* _THE TASK_: From the line with "Agrofirm summer sunflower" to the line with "Nicolaus: Amaryllis sp. amarylis", retype every line exactly, including those two, and leave out the rest of the data below.

* _PROVIDED ENTRIES_:

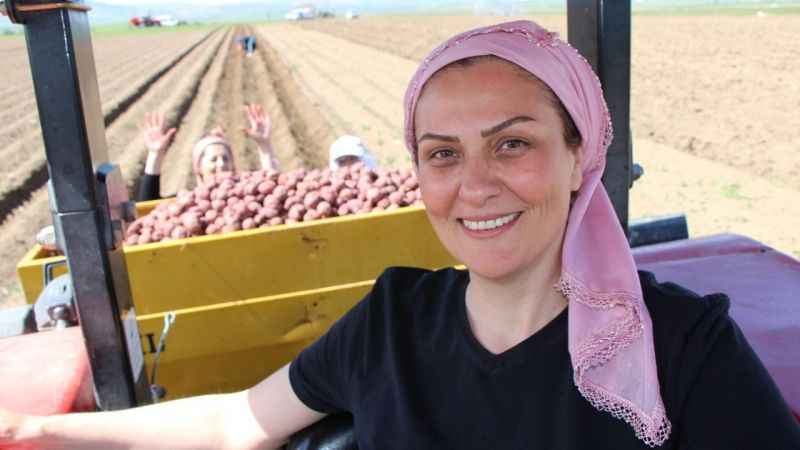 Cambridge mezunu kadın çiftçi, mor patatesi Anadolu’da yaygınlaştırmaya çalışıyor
--
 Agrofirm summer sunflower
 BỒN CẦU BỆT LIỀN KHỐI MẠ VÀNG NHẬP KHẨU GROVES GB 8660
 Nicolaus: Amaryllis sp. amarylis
---
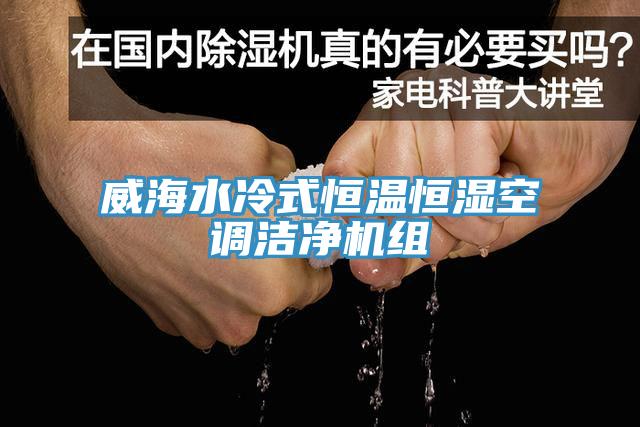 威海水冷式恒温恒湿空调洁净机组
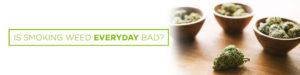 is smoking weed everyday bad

* _SOLUTION_:
 Agrofirm summer sunflower
 BỒN CẦU BỆT LIỀN KHỐI MẠ VÀNG NHẬP KHẨU GROVES GB 8660
 Nicolaus: Amaryllis sp. amarylis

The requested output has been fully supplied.